Next we want to perform a partial wave expansion of $V^{N}$.  There are 3
useful formulas, the Wigner-Eckart Theorem\cite{sak85}
\begin{equation}
<E'l'm'|T|Elm>=\delta_{l'l}\delta_{m'm}T_{l}(E),
\end{equation}
the addition of spherical harmonics
\begin{equation}
\sum_{m} Y_{lm}(\Omega)Y^{\ast}_{lm}(\Omega')
=\frac{2l+1}{4\pi}P_{l}(\cos\theta),
\end{equation}
and the orthogonality of spherical harmonics
\begin{equation}
\int d\Omega Y^{\ast}_{lm}(\Omega) Y_{l'm'}(\Omega) = \delta_{l'l}\delta_{m'm},
\end{equation}
which are used in deriving the following result.
\begin{eqnarray}
<{\bf p}|V^{N}|{\bf p'}>&=&\sum_{lm}\sum_{l'm'}
<{\bf p}|lm><lm|V^{N}|l'm'><l'm'|{\bf p'}> \\
&=&\sum_{lm}\sum_{l'm'}<p\Omega|lm><lm|V^{N}|l'm'><l'm'|p'\Omega'> \\
&=&\sum_{lm}\sum_{l'm'}<p|<\Omega|lm><lm|V^{N}|l'm'><l'm'|\Omega'>|p'> \\
&=&\sum_{lm}<\Omega|lm><p|V^{N}_{l}|p'><lm|\Omega'> \\
&=&\sum_{lm}V^{N}_{l}(p,p')Y_{lm}(\Omega)Y^{\ast}_{lm}(\Omega') \\
&=&\sum_{l}\frac{2l+1}{4\pi}V^{N}_{l}(p,p')P_{l}(\cos\theta)
\label{eq:Vpp}
\end{eqnarray}
In scattering and bound state problems, it is customary to expand the momentum 
space wavefunction $\phi({\bf p})$ in partial waves, such that
\begin{equation}
\phi({\bf p})=\sum_{nlm}c_{nlm}\phi_{nl}(p)Y_{lm}(\Omega),
\end{equation}
where $c_{nlm}$'s are coefficients of the expansion~[p.~396 of Ref~1~].

The non-relativistic Schr\"{o}dinger equation in momentum space is given as
\begin{eqnarray}
\left( \hat{E}-\frac{{\bf p}^{2}}{2\mu} \right) \phi({\bf p})
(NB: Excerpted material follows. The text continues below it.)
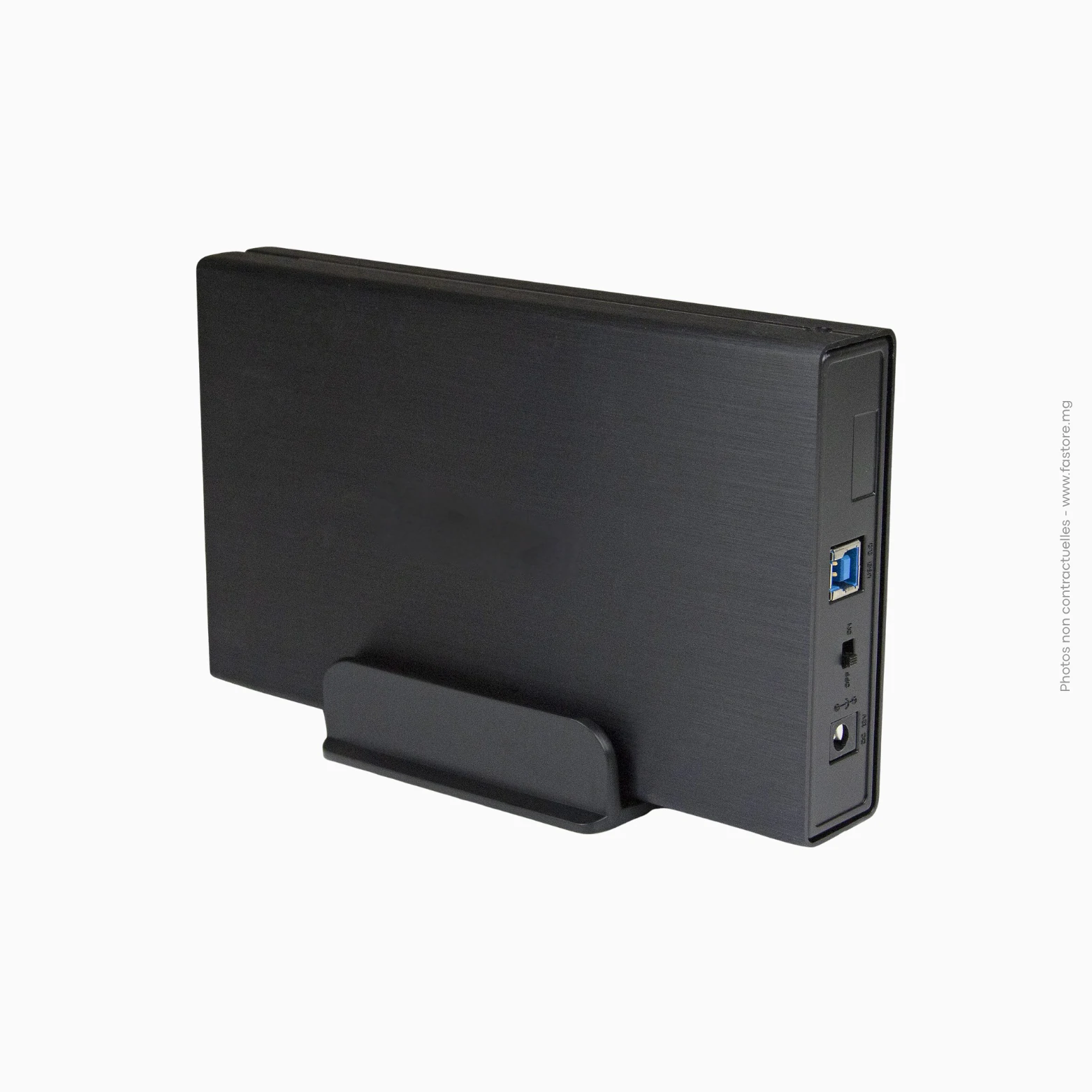Boi╠étier Rack SATA 3.5_ en USB 2.0 me╠ütal avec alimentation _ Infopro (4) Boîtier Rack SATA 3.5" en USB 2.0 métal avec alimentation | Infopro – Image 1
&=&\int V^{N}({\bf q}) \phi({\bf p'}) d^{3}{\bf p'} \\
&=&\int <{\bf p}|V^{N}|{\bf p'}> \phi({\bf p'}) d^{3}{\bf p'}
\end{eqnarray}

Expand NRSE in partial waves.
\begin{eqnarray}
\left( \hat{E}-\frac{{\bf p}^{2}}{2\mu} \right) \sum_{nlm} c_{nlm} 
\phi_{nl}(p) Y_{lm}(\Omega) &=&
\int p'^{2} dp' d\Omega' \sum_{nlm} V^{N}_{l}(p,p')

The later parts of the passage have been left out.